LARRY CSONKA: You could put Ndamukong Suh next to Mean Joe Greene or Bubba Smith or back with some of those devastating D-linemen from the '70s and he'd fit right in. Suh's mean enough to land on his feet wherever you put him. He is a classic tough guy. He belongs back with us. Dick Butkus could tackle our quarterback, Bob Griese, back behind the bench and not be penalized. That's where he belonged, and Suh would have loved our era.


MIKE SINGLETARY: Ndamukong Suh is just nasty. He is just a nasty guy. I love his mentality. He can rip your face off. That's the kind of guy he is. He's a young guy, but he sets the tempo for that team. If they didn't have him, they'd be a totally different team. He is the mindset of that whole team.


JAMES LOFTON: I think the other thing that jumps out about guys we've picked is that they're physical marvels. They're bigger. They're stronger. They're a little faster than their predecessors. Suh's a little quicker, a little stronger. Perhaps it's because that's what you're looking for with defensive tackles today.

But the nastiness that he plays with is a nastiness that you see when you see a Dick Butkus or a Ray Nitschke highlight. Yeah, he is trying to twist the guy's head off, but from that standpoint, his attitude goes well with the '50s, '60s, '70s. You had a complaint about a guy, you paid him back on the next play.



For Suh, adjusting to the long NFL season and to the rules that govern the season have provided not only a physical challenge, but a mental challenge as well.

My toughest moment as a player was making the transition of understanding the new rules of the NFL, how to play the game at this level and going through a long season. You go through a college season and play 14 games and at the end, it still feels like you just started. You play 20-something games like this year -- including the preseason -- and it becomes a huge grind. If you aren't mentally tough, it will wear on you.

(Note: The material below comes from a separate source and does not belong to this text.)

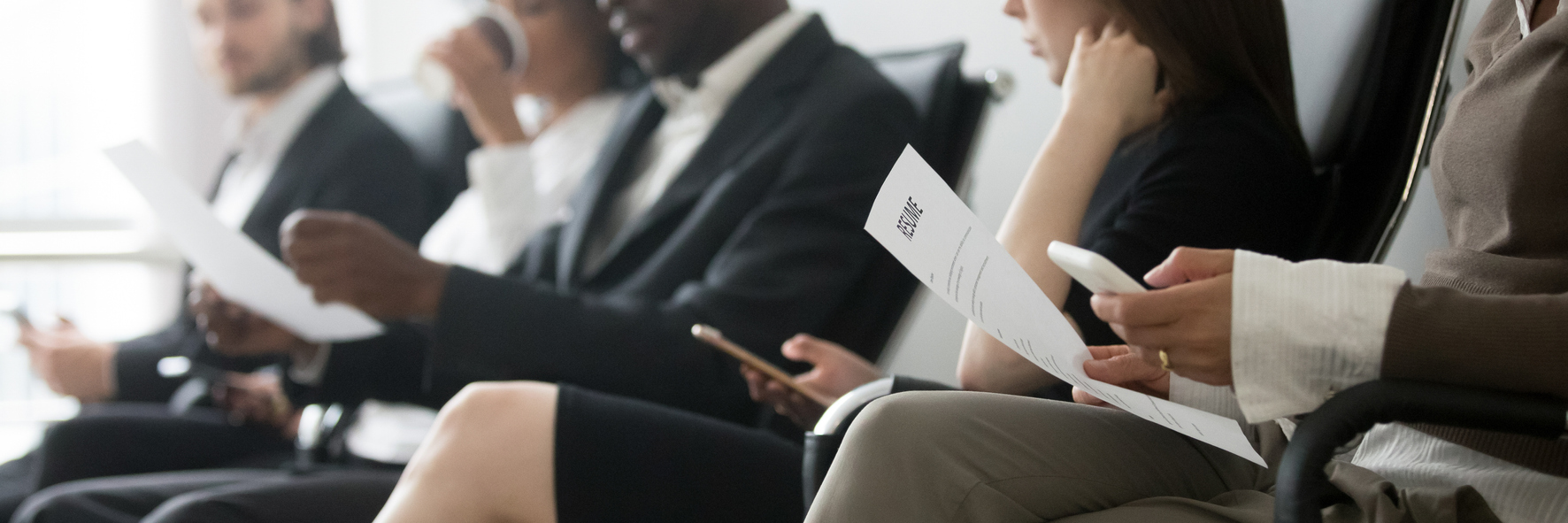 Side horizontal photo multiracial people sitting in queue waiting interview Talent Offering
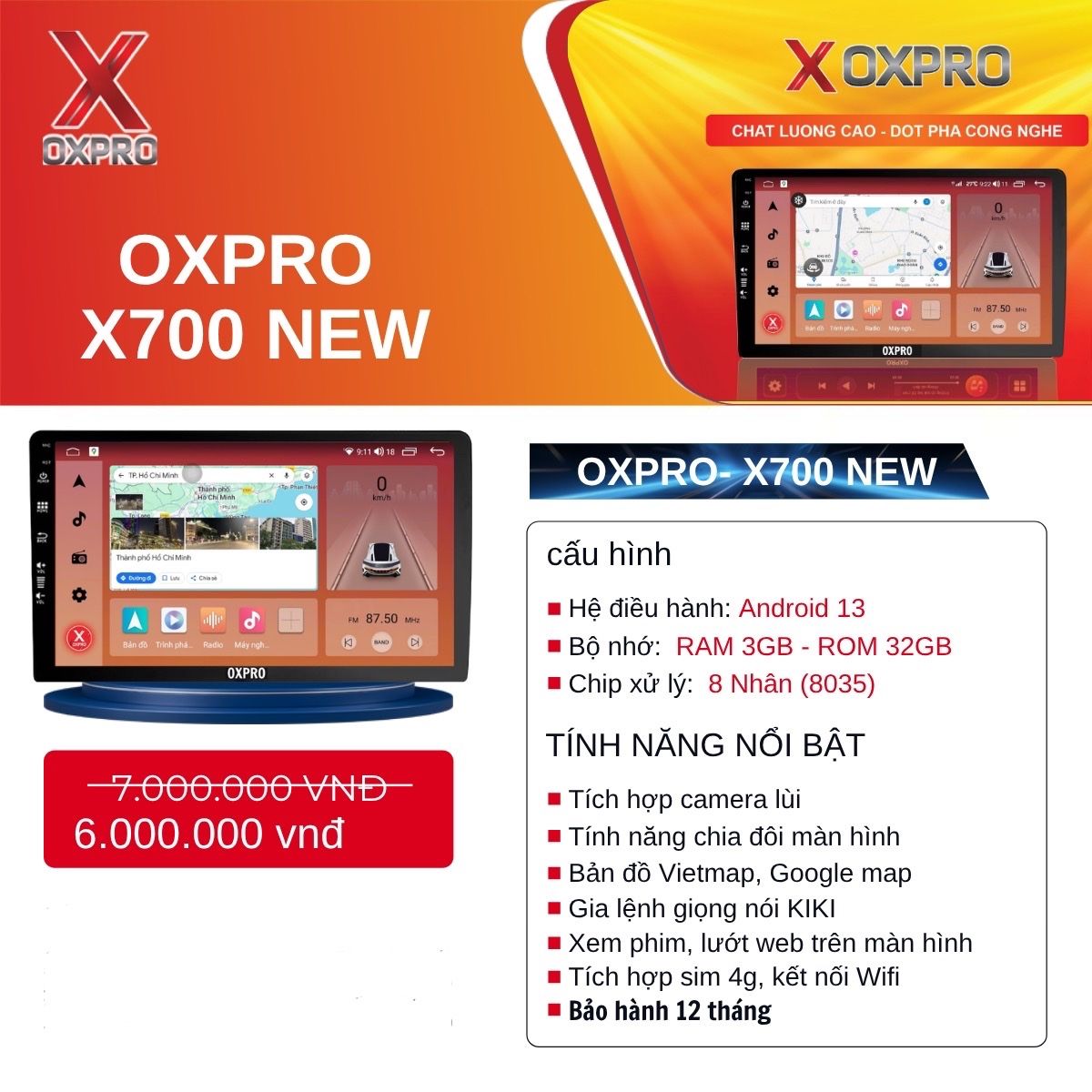 Màn Hình Android Oxpro X700 New 2 Màn Hình Android Oxpro X700 New 2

People call that the rookie wall. I never hit a rookie wall and haven't hit a sophomore wall, but it's tough. You have to have tough skin in this game, especially being the kind of player I am and getting the kind of media attention I get. I got a lot of flak for things this year and just being able to stay mentally focused and tough through it all was hard.

I remember Tony Gonzalez did an interview before this season when he was deciding if he was going to come back for another year. He was like, "Physically, my body is ready. But mentally, I need to figure out if I am ready to come back. It's mentally draining coming through an NFL season." And I agree. I was only in my first year last season and I came straight from college, working out non-stop getting ready for the combine and then straight into training camp and the NFL, no rest, and that was my toughest year.

ESPN THE MAGAZINE: Dirty? HOFers have another word for Suh: throwback



As a rookie, Suh established himself as one of the best young defensive tackles to enter the league. Like all the greats, he's unblockable when he wants to be. Suh must stand the test of time, but I'd compare him to Bob Lilly, the Hall of Famer for the Dallas Cowboys.

CLAYTON ON HALL OF FAME CHANCES: Not yet. Suh must pad that resume.